Charges of light-bulb brigade

February 21, 2003

This week, The Diary brings you intelligence of what the country's academic registrars are doing when they're not shuffling papers - they're all exchanging puerile jokes about each others' students.

The following is a selection of their answers to the question: how many students does it take to change a light bulb at the following institutions?

Cambridge University: Three - one to mix the Martinis, one to call the electrician and one to call Daddy to pay the bill.

University College London: Two - one to change the bulb and the other to say loudly how he did it as well as an Oxbridge student.

Leicester University: Four - one to change the bulb and three to complain bitterly that it would not have been allowed to happen at Oxbridge, so please give us some funding. Please.

St Andrews University: Three - one to call the butler and two to arrange a tailor in Rome to design and make new suits for the special occasion.

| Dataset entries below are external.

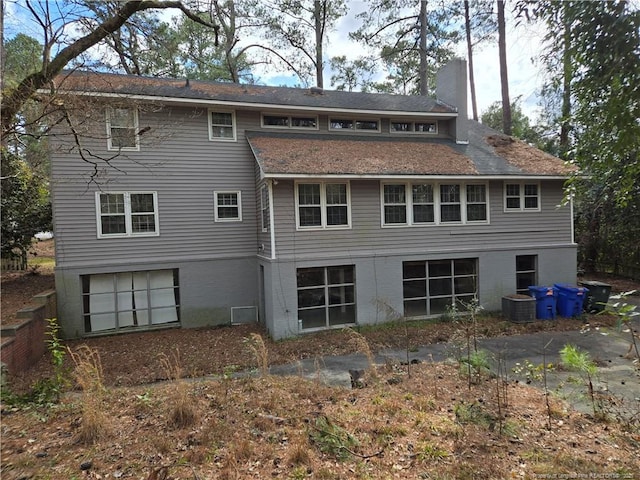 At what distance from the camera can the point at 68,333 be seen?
1028cm

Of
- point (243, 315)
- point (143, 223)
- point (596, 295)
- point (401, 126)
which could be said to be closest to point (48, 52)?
point (143, 223)

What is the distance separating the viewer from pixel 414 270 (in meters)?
11.6

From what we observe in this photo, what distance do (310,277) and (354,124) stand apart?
261 inches

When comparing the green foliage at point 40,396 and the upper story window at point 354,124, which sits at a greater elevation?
the upper story window at point 354,124

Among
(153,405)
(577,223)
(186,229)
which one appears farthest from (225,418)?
(577,223)

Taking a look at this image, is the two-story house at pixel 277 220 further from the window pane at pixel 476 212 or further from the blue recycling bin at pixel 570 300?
the blue recycling bin at pixel 570 300

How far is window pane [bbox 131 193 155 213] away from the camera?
36.0 ft

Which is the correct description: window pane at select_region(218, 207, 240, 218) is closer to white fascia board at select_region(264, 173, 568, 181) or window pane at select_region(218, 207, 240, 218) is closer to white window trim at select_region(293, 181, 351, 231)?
white window trim at select_region(293, 181, 351, 231)

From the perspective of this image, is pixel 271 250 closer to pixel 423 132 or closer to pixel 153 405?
pixel 153 405

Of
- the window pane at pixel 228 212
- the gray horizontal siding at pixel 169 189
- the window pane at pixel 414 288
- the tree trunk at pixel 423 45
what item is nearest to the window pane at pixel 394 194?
the window pane at pixel 414 288

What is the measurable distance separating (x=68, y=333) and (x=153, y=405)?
24.9 ft

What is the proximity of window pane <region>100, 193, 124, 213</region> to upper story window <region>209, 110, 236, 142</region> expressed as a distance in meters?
3.57

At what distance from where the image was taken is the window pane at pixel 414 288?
1159 centimetres

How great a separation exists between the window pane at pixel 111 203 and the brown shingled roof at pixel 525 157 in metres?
13.7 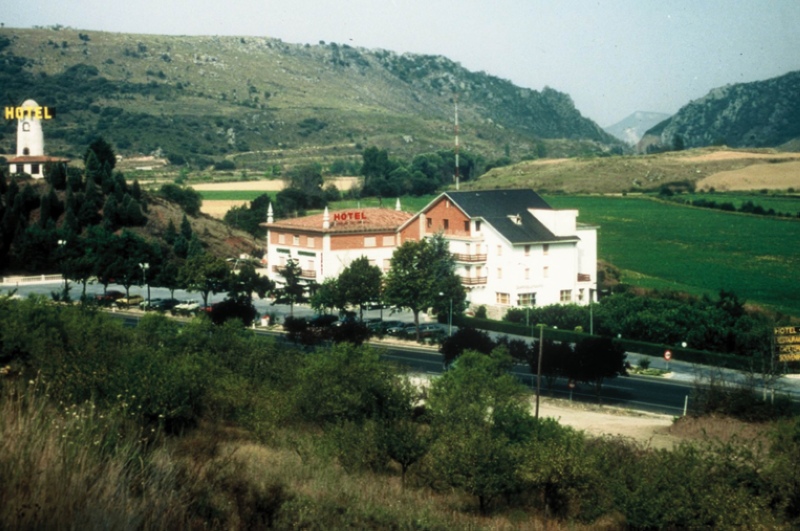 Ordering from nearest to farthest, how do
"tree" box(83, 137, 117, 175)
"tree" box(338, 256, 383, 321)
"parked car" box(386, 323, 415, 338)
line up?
"parked car" box(386, 323, 415, 338)
"tree" box(338, 256, 383, 321)
"tree" box(83, 137, 117, 175)

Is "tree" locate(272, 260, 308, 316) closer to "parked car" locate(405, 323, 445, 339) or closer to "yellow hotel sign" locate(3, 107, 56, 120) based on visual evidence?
"parked car" locate(405, 323, 445, 339)

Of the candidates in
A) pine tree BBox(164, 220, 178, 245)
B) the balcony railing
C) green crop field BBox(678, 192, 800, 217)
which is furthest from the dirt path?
pine tree BBox(164, 220, 178, 245)

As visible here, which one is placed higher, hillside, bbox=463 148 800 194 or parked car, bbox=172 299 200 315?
hillside, bbox=463 148 800 194

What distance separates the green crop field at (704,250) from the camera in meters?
38.4

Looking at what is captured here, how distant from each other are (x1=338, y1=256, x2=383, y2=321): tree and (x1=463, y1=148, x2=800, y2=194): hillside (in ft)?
90.8

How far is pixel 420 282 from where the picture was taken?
34.9 meters

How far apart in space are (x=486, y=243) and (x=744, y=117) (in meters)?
65.3

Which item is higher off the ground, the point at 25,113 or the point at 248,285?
the point at 25,113

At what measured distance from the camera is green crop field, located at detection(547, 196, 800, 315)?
38375 millimetres

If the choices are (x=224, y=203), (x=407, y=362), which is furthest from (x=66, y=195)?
(x=407, y=362)

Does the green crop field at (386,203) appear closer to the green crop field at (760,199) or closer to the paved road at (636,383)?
the green crop field at (760,199)

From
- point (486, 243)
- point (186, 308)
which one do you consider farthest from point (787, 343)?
point (186, 308)

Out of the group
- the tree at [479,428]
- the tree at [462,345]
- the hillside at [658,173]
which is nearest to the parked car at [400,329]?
the tree at [462,345]

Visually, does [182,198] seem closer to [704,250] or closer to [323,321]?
[323,321] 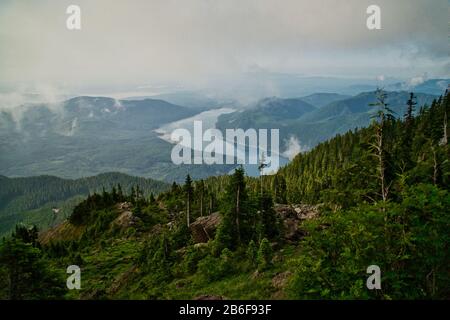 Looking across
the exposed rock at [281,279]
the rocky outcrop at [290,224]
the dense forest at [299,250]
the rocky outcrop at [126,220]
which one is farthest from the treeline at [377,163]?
the rocky outcrop at [126,220]

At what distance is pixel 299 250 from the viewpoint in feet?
115

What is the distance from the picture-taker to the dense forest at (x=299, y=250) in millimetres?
17812

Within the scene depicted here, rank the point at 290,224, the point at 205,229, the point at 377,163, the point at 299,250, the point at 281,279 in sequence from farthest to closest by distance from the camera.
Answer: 1. the point at 205,229
2. the point at 290,224
3. the point at 299,250
4. the point at 281,279
5. the point at 377,163

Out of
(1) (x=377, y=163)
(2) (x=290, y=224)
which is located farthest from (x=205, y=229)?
(1) (x=377, y=163)

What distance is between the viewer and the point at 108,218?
87.9 metres

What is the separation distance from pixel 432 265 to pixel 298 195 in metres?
94.2

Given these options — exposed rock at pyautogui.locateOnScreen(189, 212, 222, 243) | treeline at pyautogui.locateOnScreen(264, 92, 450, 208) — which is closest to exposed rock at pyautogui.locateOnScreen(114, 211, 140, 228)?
exposed rock at pyautogui.locateOnScreen(189, 212, 222, 243)

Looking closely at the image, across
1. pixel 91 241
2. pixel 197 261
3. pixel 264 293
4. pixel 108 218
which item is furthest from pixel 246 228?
pixel 108 218

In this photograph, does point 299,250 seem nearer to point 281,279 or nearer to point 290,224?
point 281,279

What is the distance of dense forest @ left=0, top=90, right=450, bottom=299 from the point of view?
58.4 ft

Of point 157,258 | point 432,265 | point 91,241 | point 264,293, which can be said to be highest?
point 432,265

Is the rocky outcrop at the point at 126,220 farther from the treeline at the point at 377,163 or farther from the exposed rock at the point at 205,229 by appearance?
the treeline at the point at 377,163

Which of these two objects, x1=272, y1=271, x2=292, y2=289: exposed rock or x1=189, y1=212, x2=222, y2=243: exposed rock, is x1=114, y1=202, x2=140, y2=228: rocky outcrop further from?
x1=272, y1=271, x2=292, y2=289: exposed rock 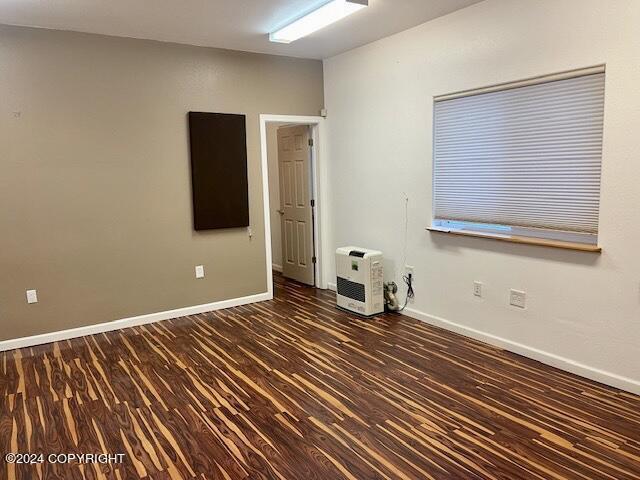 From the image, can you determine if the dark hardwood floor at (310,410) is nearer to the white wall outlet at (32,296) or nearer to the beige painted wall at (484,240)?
the beige painted wall at (484,240)

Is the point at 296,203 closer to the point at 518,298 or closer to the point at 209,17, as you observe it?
the point at 209,17

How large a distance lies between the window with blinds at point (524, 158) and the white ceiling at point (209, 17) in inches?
32.7

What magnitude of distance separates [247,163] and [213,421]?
310cm

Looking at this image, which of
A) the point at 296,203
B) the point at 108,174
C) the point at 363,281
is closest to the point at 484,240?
the point at 363,281

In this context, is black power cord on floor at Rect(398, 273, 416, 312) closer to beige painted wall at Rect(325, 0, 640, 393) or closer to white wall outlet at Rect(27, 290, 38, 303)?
beige painted wall at Rect(325, 0, 640, 393)

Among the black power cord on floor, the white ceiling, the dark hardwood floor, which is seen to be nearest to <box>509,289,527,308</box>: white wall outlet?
the dark hardwood floor

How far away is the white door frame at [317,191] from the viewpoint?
18.2 ft

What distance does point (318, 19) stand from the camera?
13.3ft

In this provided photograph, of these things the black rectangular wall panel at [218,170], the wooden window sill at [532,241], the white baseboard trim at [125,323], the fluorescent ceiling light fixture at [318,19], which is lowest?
the white baseboard trim at [125,323]

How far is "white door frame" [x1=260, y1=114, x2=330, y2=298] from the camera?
555 cm

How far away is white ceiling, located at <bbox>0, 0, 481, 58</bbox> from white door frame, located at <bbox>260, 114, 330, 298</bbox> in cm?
103

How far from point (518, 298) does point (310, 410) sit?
1890mm

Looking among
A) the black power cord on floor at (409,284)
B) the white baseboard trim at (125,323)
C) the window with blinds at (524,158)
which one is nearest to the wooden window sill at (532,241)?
the window with blinds at (524,158)

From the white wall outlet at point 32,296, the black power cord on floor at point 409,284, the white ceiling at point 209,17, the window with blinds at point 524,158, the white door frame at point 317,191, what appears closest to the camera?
the window with blinds at point 524,158
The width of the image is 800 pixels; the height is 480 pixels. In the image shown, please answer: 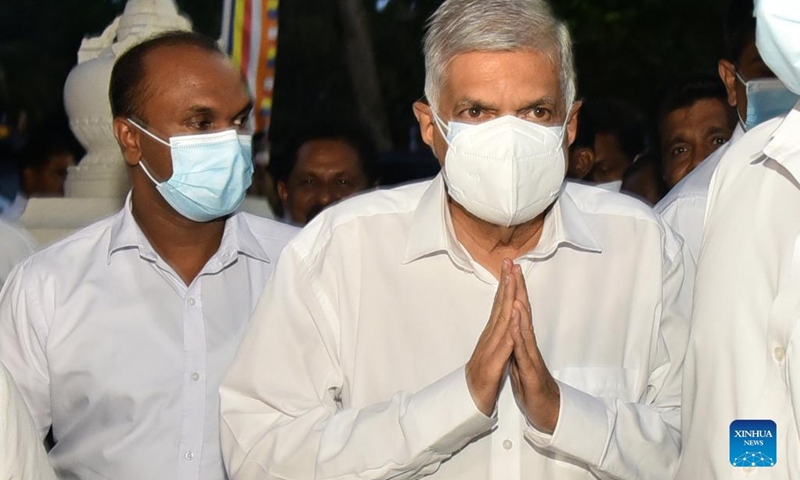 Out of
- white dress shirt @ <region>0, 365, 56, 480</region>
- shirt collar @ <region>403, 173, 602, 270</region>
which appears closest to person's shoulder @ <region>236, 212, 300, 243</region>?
shirt collar @ <region>403, 173, 602, 270</region>

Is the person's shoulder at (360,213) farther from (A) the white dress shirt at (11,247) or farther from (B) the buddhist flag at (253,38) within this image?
(B) the buddhist flag at (253,38)

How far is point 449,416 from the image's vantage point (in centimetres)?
326

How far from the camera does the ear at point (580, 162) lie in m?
7.19

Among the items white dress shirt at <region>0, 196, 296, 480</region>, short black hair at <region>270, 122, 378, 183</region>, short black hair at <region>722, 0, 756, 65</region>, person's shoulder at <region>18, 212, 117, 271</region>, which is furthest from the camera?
short black hair at <region>270, 122, 378, 183</region>

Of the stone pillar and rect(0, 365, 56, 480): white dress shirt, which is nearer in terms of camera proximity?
rect(0, 365, 56, 480): white dress shirt

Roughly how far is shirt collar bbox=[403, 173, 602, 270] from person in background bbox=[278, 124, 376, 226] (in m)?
2.65

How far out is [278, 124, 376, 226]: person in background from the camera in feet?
20.8

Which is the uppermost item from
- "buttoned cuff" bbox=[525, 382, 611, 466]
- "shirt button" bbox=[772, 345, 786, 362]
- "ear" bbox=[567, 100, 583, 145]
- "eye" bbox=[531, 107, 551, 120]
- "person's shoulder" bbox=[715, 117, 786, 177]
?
"person's shoulder" bbox=[715, 117, 786, 177]

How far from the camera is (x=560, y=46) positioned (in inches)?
141

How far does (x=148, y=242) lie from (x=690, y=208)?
5.58 feet

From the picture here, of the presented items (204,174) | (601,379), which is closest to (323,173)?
(204,174)

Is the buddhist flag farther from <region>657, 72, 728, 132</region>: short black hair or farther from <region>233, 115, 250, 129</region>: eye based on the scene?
<region>233, 115, 250, 129</region>: eye

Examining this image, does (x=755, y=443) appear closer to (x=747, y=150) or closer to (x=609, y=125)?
(x=747, y=150)

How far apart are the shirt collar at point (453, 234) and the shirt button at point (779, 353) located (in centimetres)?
76
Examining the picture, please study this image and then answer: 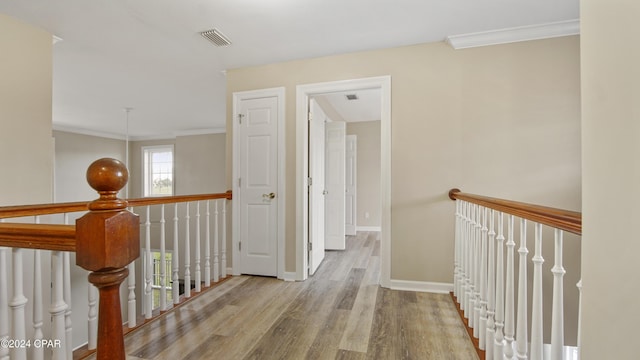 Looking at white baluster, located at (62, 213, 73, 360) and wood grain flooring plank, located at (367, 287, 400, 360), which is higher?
white baluster, located at (62, 213, 73, 360)

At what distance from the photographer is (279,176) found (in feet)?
9.65

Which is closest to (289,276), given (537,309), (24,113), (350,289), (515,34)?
(350,289)

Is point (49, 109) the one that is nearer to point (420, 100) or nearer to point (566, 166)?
point (420, 100)

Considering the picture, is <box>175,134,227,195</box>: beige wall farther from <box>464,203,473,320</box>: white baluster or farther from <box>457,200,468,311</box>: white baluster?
<box>464,203,473,320</box>: white baluster

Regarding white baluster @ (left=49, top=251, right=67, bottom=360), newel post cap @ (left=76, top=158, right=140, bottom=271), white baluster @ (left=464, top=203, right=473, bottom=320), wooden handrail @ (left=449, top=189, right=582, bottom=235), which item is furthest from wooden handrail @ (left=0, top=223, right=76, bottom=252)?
white baluster @ (left=464, top=203, right=473, bottom=320)

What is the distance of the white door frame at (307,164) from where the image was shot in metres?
2.66

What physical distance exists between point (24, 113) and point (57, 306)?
5.69 feet

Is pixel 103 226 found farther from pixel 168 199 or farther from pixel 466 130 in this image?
pixel 466 130

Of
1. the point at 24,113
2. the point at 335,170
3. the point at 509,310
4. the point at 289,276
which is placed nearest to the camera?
the point at 509,310

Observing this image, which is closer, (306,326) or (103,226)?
(103,226)

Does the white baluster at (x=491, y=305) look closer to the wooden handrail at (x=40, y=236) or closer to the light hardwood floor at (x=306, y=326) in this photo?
the light hardwood floor at (x=306, y=326)

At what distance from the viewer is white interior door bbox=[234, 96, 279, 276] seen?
2.96m

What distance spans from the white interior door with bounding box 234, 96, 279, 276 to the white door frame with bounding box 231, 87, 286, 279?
4cm

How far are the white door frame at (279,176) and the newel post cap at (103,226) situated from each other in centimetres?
236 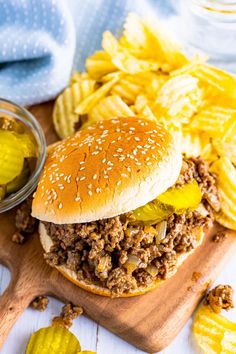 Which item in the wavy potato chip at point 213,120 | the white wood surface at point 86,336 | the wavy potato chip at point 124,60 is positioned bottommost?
the white wood surface at point 86,336

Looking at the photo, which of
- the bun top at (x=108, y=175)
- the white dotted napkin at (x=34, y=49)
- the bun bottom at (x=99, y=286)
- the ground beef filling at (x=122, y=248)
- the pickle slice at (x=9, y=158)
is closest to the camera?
the bun top at (x=108, y=175)

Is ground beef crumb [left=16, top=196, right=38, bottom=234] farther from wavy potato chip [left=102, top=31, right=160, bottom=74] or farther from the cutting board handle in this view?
wavy potato chip [left=102, top=31, right=160, bottom=74]

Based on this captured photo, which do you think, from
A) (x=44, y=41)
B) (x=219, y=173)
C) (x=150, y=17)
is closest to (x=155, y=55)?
(x=150, y=17)

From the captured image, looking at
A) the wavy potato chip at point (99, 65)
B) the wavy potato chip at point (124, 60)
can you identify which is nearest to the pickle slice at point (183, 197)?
the wavy potato chip at point (124, 60)

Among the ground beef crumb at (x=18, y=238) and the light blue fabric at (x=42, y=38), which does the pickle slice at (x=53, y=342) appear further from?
the light blue fabric at (x=42, y=38)

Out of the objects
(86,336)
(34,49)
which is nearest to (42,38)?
(34,49)

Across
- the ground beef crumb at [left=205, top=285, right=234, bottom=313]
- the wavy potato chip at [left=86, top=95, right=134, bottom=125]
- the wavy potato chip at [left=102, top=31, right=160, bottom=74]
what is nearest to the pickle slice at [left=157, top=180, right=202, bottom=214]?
the ground beef crumb at [left=205, top=285, right=234, bottom=313] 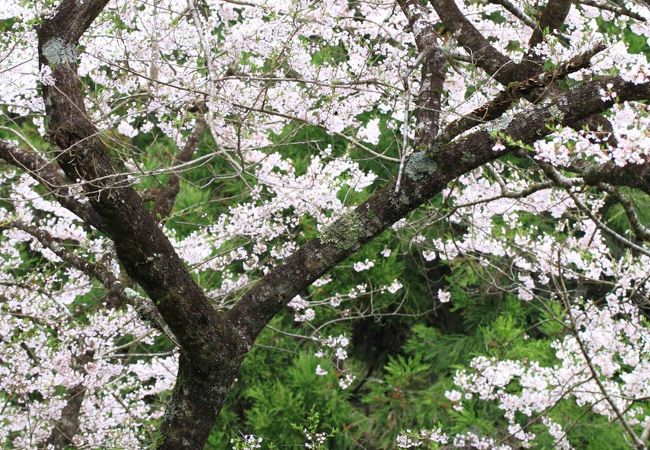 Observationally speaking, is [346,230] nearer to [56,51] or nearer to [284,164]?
[56,51]

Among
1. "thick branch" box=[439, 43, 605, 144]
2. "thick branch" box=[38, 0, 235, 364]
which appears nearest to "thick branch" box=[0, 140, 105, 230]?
"thick branch" box=[38, 0, 235, 364]

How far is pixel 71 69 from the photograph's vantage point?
2527 mm

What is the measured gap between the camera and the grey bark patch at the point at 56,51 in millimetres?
2496

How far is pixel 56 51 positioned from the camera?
252 cm

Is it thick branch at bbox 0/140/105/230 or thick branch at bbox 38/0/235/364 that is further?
thick branch at bbox 0/140/105/230

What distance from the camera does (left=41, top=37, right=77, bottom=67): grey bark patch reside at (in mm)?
2496

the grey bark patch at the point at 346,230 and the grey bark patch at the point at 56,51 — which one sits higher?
the grey bark patch at the point at 56,51

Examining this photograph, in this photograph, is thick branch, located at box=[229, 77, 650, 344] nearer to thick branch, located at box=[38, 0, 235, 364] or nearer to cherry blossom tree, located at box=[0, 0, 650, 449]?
cherry blossom tree, located at box=[0, 0, 650, 449]

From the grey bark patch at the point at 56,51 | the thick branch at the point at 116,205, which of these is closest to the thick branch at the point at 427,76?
the thick branch at the point at 116,205

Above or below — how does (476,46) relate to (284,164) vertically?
below

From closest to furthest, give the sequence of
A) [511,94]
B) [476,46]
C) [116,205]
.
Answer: [116,205] → [511,94] → [476,46]

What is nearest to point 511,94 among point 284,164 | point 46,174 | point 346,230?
point 346,230

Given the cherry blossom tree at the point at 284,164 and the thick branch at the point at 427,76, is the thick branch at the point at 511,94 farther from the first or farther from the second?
the thick branch at the point at 427,76

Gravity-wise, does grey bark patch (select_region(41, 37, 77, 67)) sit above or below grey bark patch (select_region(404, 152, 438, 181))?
above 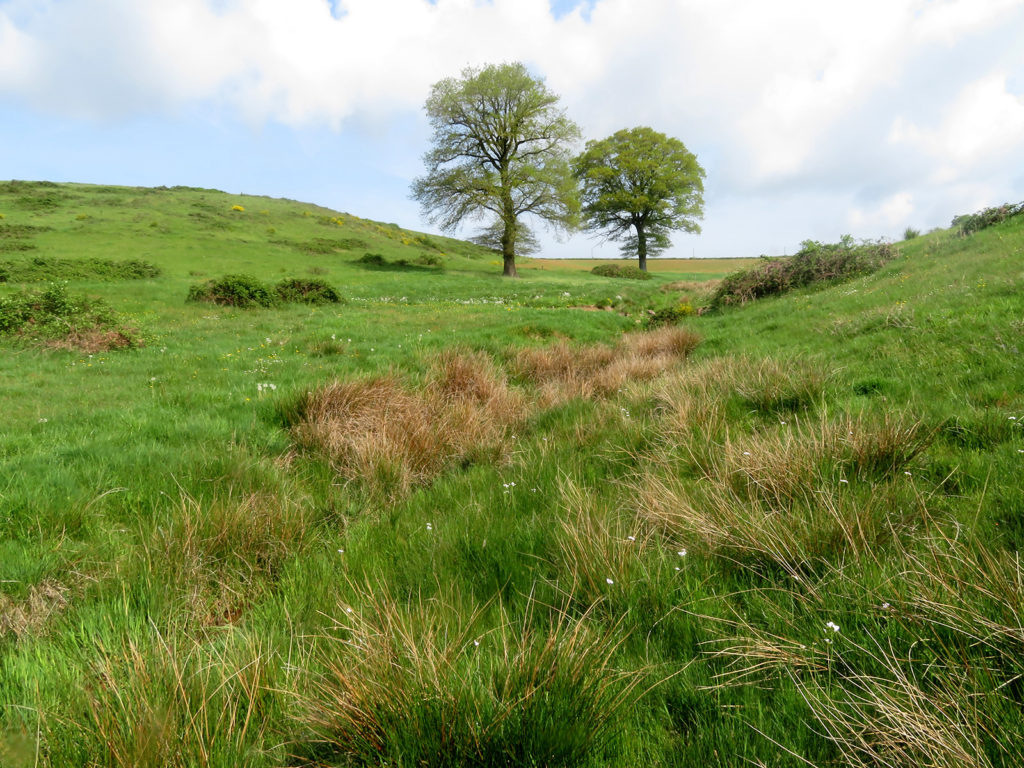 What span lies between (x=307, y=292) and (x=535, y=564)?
2256 centimetres

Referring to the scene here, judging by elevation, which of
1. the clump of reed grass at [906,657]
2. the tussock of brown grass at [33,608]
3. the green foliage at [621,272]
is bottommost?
the tussock of brown grass at [33,608]

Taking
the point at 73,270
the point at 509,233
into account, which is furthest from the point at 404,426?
the point at 509,233

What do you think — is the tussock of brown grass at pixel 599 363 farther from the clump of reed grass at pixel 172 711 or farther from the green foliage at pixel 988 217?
the green foliage at pixel 988 217

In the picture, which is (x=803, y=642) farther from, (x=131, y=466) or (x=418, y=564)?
(x=131, y=466)

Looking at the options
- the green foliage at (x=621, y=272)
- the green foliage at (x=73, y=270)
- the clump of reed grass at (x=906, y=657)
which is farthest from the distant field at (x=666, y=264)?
the clump of reed grass at (x=906, y=657)

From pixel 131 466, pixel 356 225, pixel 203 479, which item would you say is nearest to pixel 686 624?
pixel 203 479

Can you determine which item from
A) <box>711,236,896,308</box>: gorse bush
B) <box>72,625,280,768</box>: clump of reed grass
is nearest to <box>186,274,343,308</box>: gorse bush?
<box>711,236,896,308</box>: gorse bush

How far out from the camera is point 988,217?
1557 centimetres

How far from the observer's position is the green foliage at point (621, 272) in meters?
45.0

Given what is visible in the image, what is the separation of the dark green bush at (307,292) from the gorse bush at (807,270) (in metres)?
16.8

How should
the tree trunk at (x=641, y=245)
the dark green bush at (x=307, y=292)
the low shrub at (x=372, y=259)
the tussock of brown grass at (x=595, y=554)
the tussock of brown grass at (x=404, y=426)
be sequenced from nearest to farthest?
the tussock of brown grass at (x=595, y=554) < the tussock of brown grass at (x=404, y=426) < the dark green bush at (x=307, y=292) < the low shrub at (x=372, y=259) < the tree trunk at (x=641, y=245)

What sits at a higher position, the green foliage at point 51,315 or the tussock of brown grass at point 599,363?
the green foliage at point 51,315

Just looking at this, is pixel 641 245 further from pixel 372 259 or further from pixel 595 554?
pixel 595 554

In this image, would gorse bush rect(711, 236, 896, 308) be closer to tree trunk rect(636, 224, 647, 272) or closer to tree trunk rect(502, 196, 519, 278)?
tree trunk rect(502, 196, 519, 278) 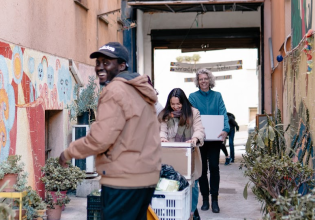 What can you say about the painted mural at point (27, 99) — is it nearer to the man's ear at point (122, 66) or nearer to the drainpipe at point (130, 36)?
the man's ear at point (122, 66)

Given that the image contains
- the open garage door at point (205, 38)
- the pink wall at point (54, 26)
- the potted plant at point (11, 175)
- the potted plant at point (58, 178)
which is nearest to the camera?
the potted plant at point (11, 175)

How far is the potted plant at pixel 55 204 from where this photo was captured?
6691mm

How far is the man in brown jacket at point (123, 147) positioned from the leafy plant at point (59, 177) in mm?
3529

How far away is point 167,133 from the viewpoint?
6.25 metres

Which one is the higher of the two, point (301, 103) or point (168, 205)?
point (301, 103)

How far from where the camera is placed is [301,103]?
652cm

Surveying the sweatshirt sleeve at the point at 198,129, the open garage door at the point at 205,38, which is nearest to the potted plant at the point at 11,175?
the sweatshirt sleeve at the point at 198,129

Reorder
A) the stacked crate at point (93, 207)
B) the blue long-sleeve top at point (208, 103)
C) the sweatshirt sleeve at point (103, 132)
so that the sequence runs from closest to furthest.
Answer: the sweatshirt sleeve at point (103, 132)
the stacked crate at point (93, 207)
the blue long-sleeve top at point (208, 103)

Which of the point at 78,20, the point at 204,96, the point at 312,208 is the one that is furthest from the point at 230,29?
the point at 312,208

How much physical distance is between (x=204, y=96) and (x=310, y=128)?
75.5 inches

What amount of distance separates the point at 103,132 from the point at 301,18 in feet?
13.5

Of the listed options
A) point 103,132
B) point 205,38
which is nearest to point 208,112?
point 103,132

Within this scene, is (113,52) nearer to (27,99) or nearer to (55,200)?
(27,99)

If a light bulb in a major building blows, the number increases to , to allow for a brass band playing the Last Post and five Sun reporters. The following day, The Sun will contain a story along the lines of "Will's pals in blown bulb horror".

Imperial College: Eight - it's not that one isn't smart enough to do it, it's just that they're all violently twitching from too much stress to achieve coordinated movement.

Umist: Five - one to design a light bulb that never needs changing, one to figure out how to illuminate the rest of Greater Manchester using said light bulb, two to instal it, and one to write the computer program that controls the wall switch.

Institute of Psychiatry: One - but the light bulb has to really want to change.

Plymouth University: Six - one to change it and five to campaign to make light-bulb changing a new degree subject.

Liverpool University: Only one - but he gets ten course credits for doing it.

Sussex University: None - light-bulb changing isn't specified as a transferable skill.

De Montfort University: Seven - two to change the bulb and five to write an interpretive modern drama about the experience.

Central School of Speech and Drama: 12 actors (three with walk-on parts, one bulb-carrier), two musicians, one sound designer and one stage manager.

It's a major (assessed) production. Two external examiners to watch and make notes. One video technician to record.

University of North London: Nobody knows - the light bulbs stay with the institution longer than the students.